A la paroisse Saint Dominique de Limeté, les policiers ont jeté des bombes à gaz lacrymogènes dans l’enceinte. La brutalité sur les personnes a été observée dans tous les points de départ de la marche. A la Paroisse Saint Joseph de Matonge, des femmes ont été frappées dans tous les alentours de la paroisse. Le bureau des Amis de Nelson Mandela pour les Droits humains a été violé par des policiers à la recherche des marcheurs. Plusieurs personnes ont été arrêtées dont les Abbés Placide Okalema, Bernard Mimbayi, Léon Matiti ainsi que deux religieuses ;

Comme il fallait bien s’y attendre, les chrétiens congolais ont tenu à leur promesse de marcher pacifiquement dans la rue à travers tout le Congo, afin d’exiger le rétablissement de la vérité des urnes et célébrer la mémoire des chrétiens tombés en 1992 sous les balles du régime fasciste mobutiste. Sous l’encadrement de l’église catholique de la rd CONGO, hier jeudi, les chrétiens ont effectivement tenu de manifester leur ras-le-bol et dénoncer pacifiquement contre les résultats des urnes ayant donné, dans la confusion la plus totale, le président sortant Joseph Kabila, vainqueur des dernières présidentielles du 28 novembre 2011.

La consigne était qu’après le culte matinal, de toutes les paroisses catholiques, de chrétiens tenant la bougie, la Bible et le rameau se dirigent en procession et sous la conduite de leurs dirigeants religieux, vers la paroisse de Saint Joseph de la commune de Kasavubu, au quartier Matonge, et où devrait être commémoré la tuerie des chrétiens qui exigeaient jadis la réouverture de la Conférence nationale souveraine ayant en toute transparence élu Etienne Tshisekedi premier ministre de l’ex Zaïre.

Bien qu’ayant pris toutes leurs précautions pour l’organisation de cette marche pacifique en toute légalité, les organisateurs n’avaient pas compté avec la détermination du régime politique mis en cause et qui n’entend pas du tout de voir l’église catholique remettre en cause la réélection de Joseph Kabila.
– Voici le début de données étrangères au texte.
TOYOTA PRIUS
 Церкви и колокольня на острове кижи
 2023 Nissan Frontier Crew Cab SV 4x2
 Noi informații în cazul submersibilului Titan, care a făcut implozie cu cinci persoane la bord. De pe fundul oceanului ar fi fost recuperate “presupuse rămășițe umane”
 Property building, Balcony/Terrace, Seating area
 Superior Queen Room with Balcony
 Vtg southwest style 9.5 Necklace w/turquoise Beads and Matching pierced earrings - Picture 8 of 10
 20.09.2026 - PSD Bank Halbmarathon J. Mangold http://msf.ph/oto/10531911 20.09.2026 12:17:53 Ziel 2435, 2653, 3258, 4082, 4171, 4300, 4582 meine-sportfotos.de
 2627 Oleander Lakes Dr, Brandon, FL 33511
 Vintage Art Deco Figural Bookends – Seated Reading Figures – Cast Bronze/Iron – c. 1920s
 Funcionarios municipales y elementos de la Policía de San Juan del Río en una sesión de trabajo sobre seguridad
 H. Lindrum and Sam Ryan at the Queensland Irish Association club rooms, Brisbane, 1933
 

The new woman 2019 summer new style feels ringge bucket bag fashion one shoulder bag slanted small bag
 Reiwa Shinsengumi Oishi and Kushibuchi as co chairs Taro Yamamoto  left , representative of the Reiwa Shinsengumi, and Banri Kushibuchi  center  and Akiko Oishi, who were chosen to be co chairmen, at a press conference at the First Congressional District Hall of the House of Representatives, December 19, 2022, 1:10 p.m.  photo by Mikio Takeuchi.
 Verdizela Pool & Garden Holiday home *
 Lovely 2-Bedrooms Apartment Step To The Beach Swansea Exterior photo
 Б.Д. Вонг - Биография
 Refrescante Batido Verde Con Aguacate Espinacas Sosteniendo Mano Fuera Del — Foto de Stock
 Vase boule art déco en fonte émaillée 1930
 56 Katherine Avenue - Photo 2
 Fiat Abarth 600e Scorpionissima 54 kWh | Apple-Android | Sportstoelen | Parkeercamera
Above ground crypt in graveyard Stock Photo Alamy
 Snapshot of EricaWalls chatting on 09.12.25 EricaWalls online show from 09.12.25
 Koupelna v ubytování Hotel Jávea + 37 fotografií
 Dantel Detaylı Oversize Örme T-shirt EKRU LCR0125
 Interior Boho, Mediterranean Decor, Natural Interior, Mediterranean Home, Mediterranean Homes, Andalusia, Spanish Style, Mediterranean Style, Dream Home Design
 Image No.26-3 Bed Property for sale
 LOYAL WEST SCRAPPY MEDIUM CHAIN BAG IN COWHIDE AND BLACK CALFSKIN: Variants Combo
Déjà la veille, le tonitruant Mende avait déjà procédé à al coupure du signal d’un certain nombre des médias jugés proche de l’opposition et ceux ayant commenté la tenue de cette marche chrétienne du 16 février 2012.

Ainsi les chaînes Canal Congo télévision (CCTV), Canal Kin Télévision (CKTV) et la Radio Télévision Catholique Elikya (RTCE), trois médias de Kinshasa ont cessé d’émettre depuis le mercredi 15 février. Et dans la province du Kasaï Occidental ayant massivement voté en faveur d’Etienne Tshisekedi, plus des 10 chaines de médias privés ont vu leur signale être coupé sans aucune autre forme de procès. Et selon les nouvelles qui nous parviennent de ce pays devenu un enfer, dans toutes les provinces, la même mesure arbitraire a été appliquée à l’endroit des toutes les chaines ayant eu à encourager cette manifestation chrétienne.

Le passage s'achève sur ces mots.